BASIC Innovators Series
Innovation
matters. As the late great scientist Stephen Jay Gould showed in his studies of
evolution, being at the forefront and establishing a niche is a key to
competitiveness. The San Francisco Bay Area has earned a vaunted reputation for
being one of the nation’s regional leaders in technological innovation. It is
home to five national scientific laboratories and a host of other federal and
non-profit research facilities, some of the country’s finest research
universities and top private industry R&D firms, and a plethora of
cutting-edge start-up technology companies. This abundance of R&D
capabilities, in combination with a proud history of intellectual openness and
pioneering spirit, has drawn many of the nation’s brightest minds and scientific
talent.
Bay Area scientists and engineers are striving to uphold the
region’s reputation for technological innovation by serving at the vanguard of
exciting new research in a wide range of fields, including biology, advanced
materials, energy and computation. Breakthroughs in any of these fields hold
forth the promise of a bright and prosperous future for the region, the State of
California, and our nation as a whole. In the BASIC Innovators Series, key Bay
Area innovative thinkers share their thoughts on the science today that will
lead to the technology tomorrow.
Interviews of Regional
Innovators
BASIC is conducting an
ongoing series of interviews in which key innovative thinkers share their
thoughts on the science today that will lead to the technology of tomorrow.
Issue Number 2 in the BASIC Innovators Series features an
interview with Steven Chu, Director of the Lawrence Berkeley National
Laboratory, and winner of a Nobel Prize in Physics in 1997 for the development
of methods to cool and trap atoms with laser light.

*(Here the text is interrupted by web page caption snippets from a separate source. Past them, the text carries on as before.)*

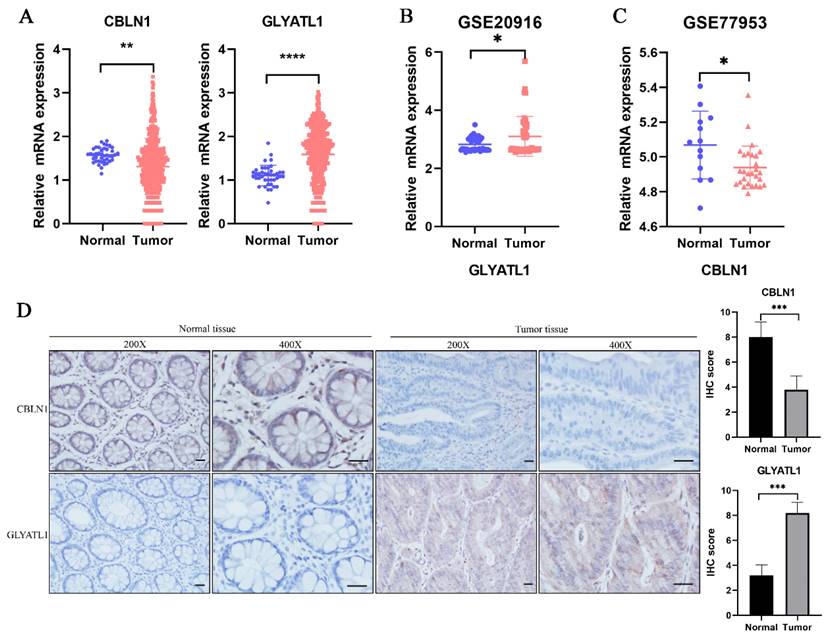 J Cancer Image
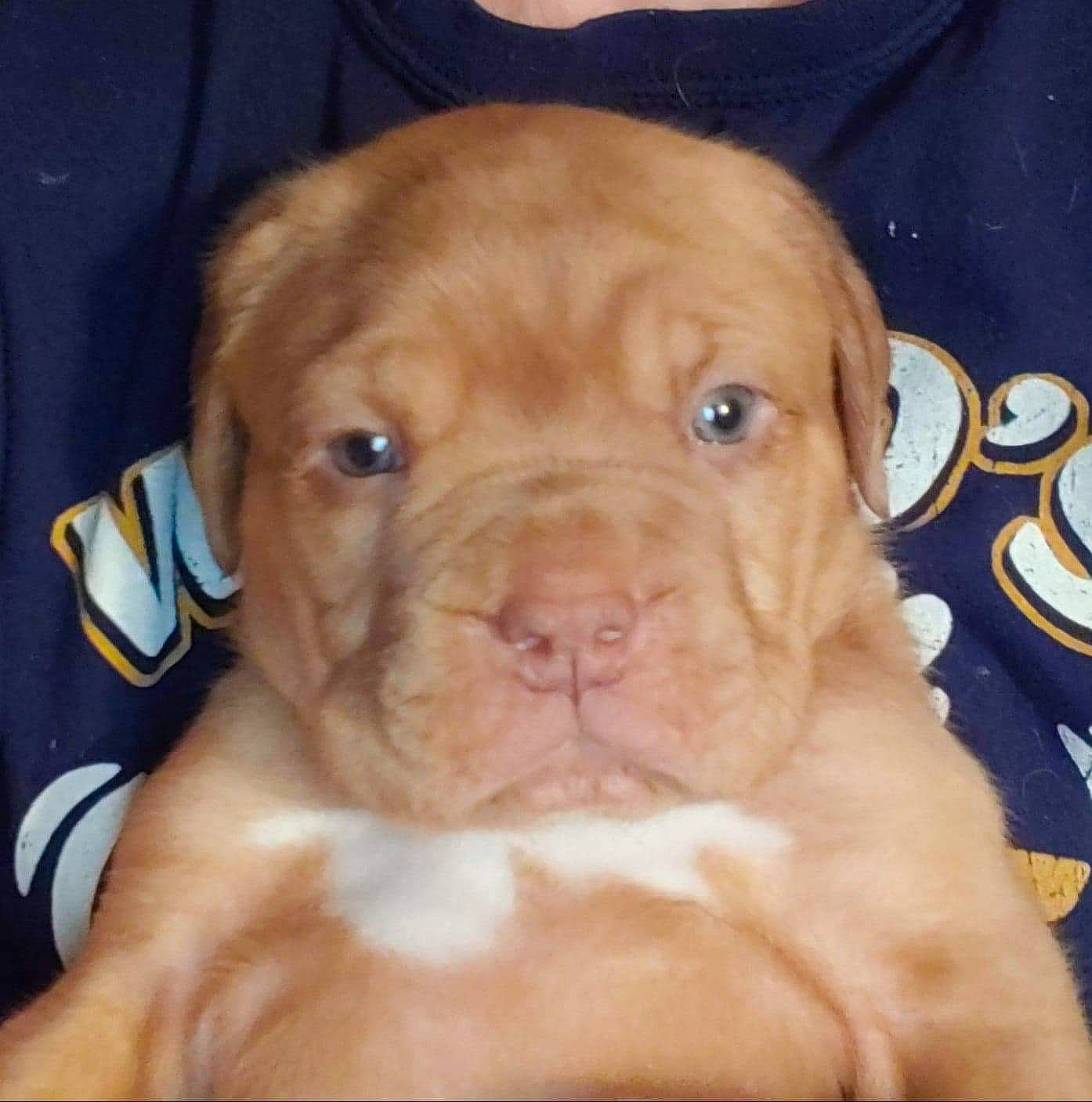 Cyrus is registered to the contest to win money with this photo: beige, brown, canidae, carnivore, companion_dog, dog, dog_breed, fawn, liver, orange, peach, pet_supply, puppy, skin, snout, tan, vertebrate, whiskers, working_animal, wrinkle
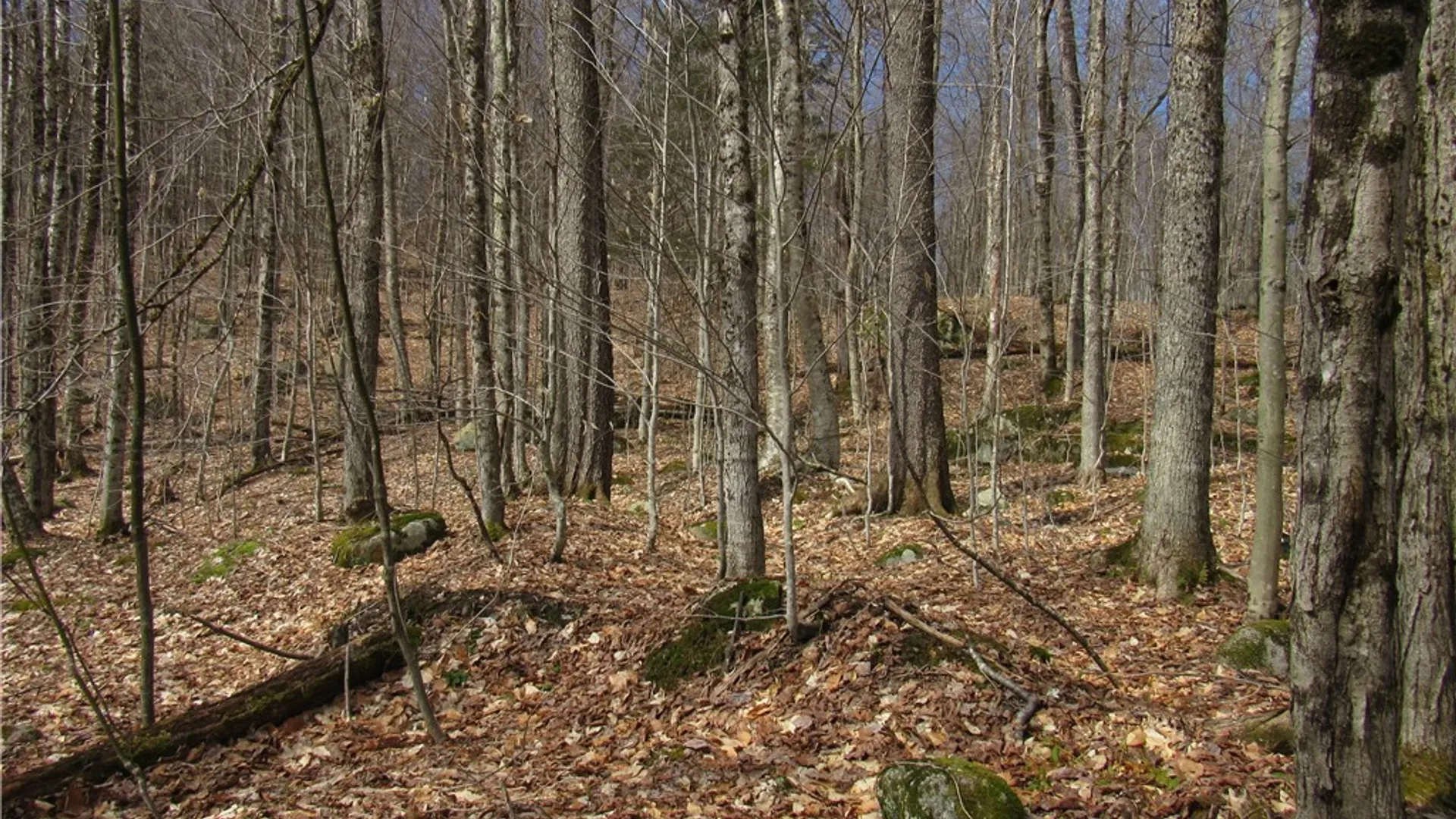 Property at Capron Road, Forestport, NY 13338 6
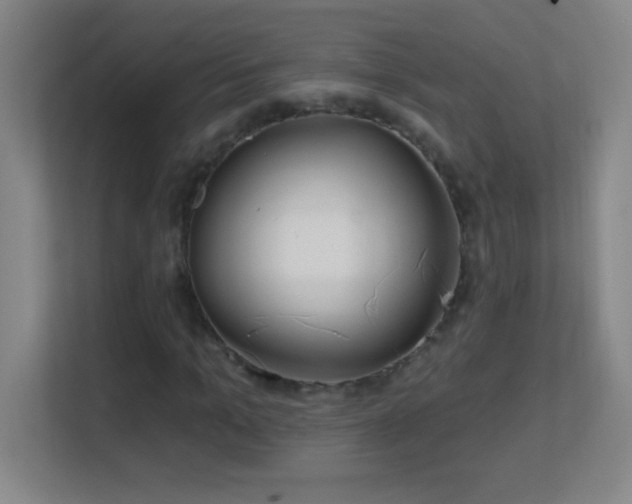 X0000113860965200909241304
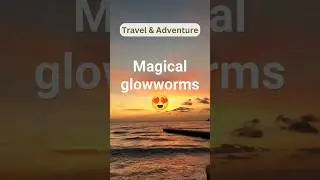 Magical glowworms 😍#glowworms #amazingfacts #shorts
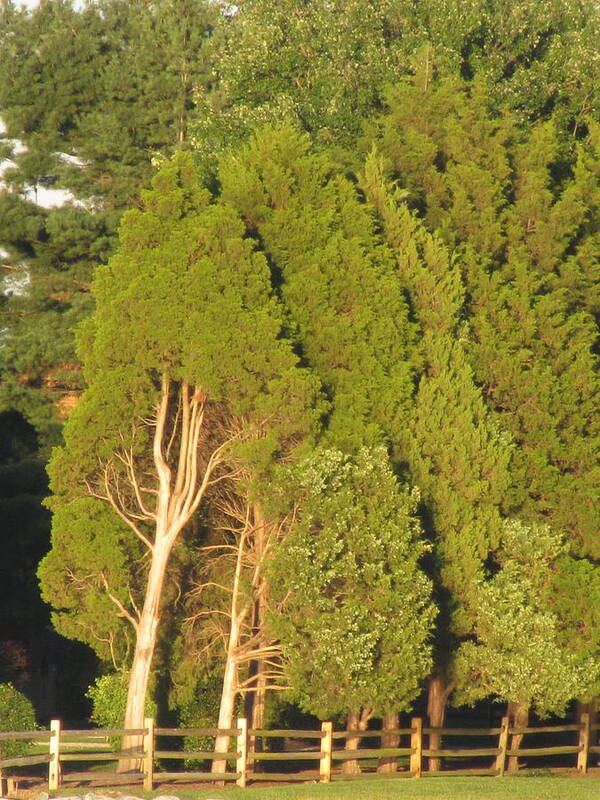 Evergreen Trees Art Print featuring the photograph Triple Trees by Debbie Nester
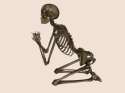 begging for the bone.png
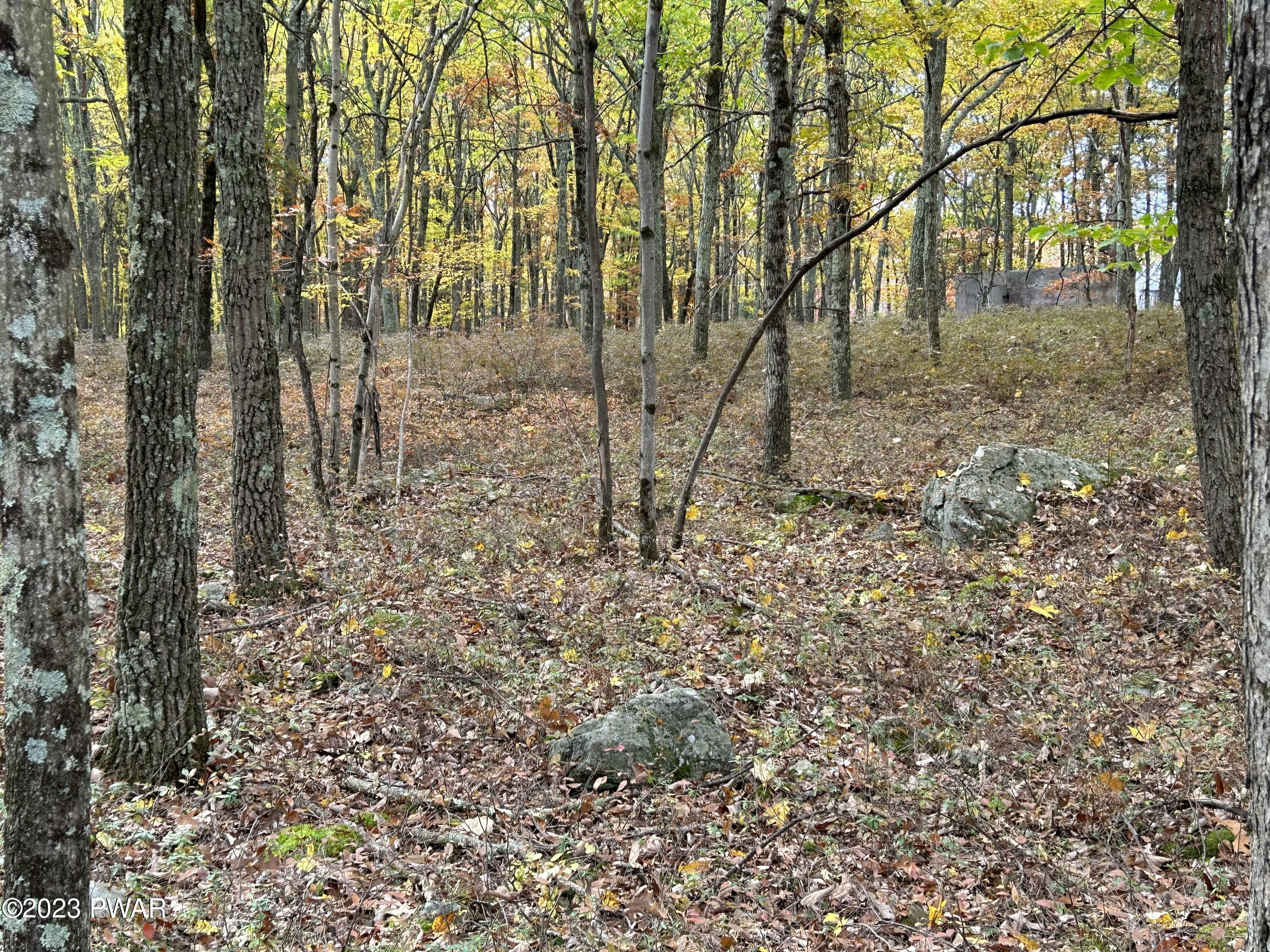 Lot 26 Timber Ridge Drive Hawley, PA 18428 - Photo 12 of 18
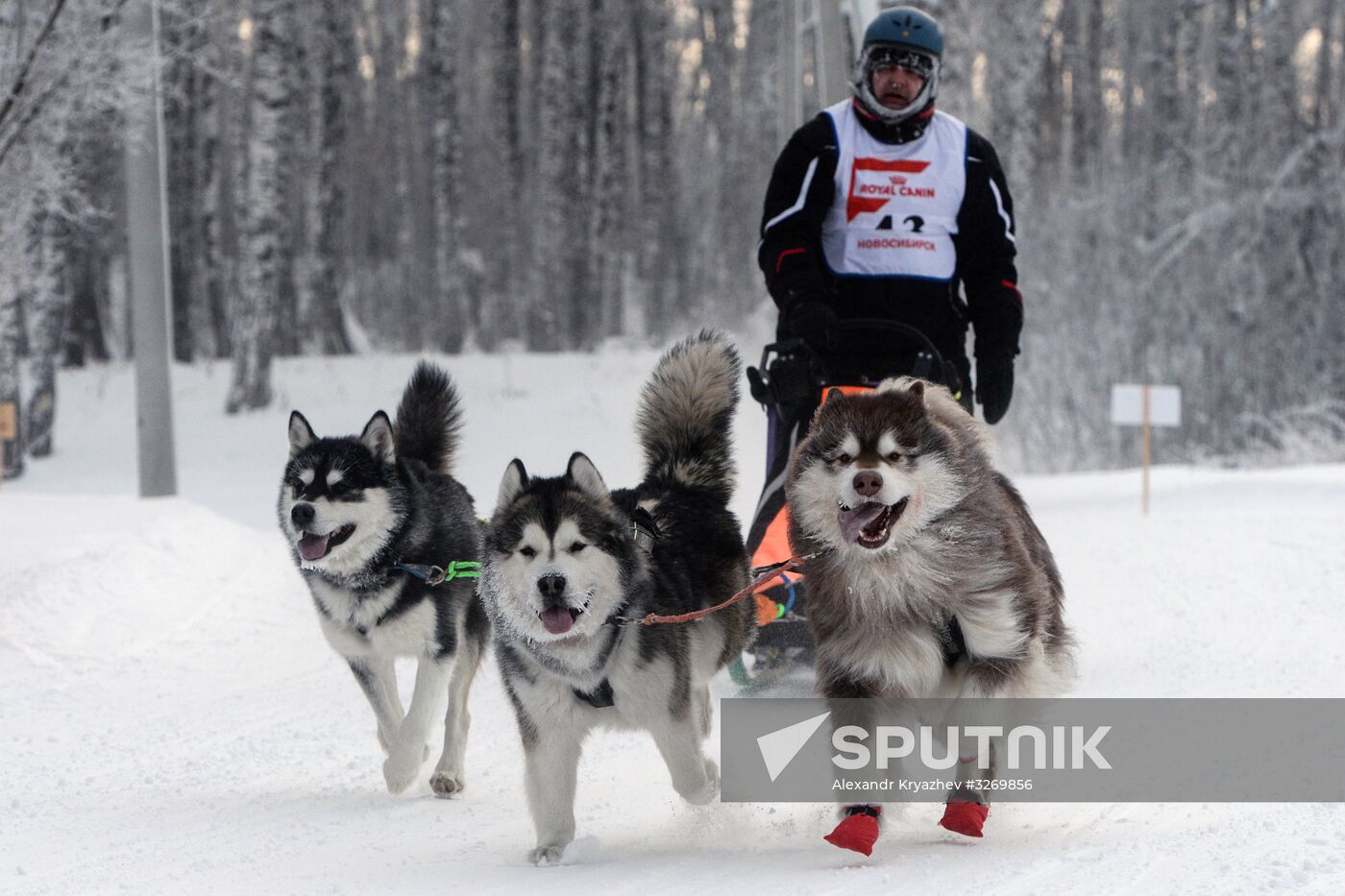 Dog sled race in Novosibirsk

Issue Number 1 in Innovators Series
features interviews with BASIC Chairman Emeritus Robert J. T. Morris, Vice
President, Services Research, IBM, and BASIC Chairman Regis B. Kelly, Executive
Director, California Institute for Quantitative Biosciences (QB3).
*
To shorten
download time and prevent Adobe Reader from opening within the browser window,
right-click on the PDF link and save the PDF to your hard drive for off-line
viewing.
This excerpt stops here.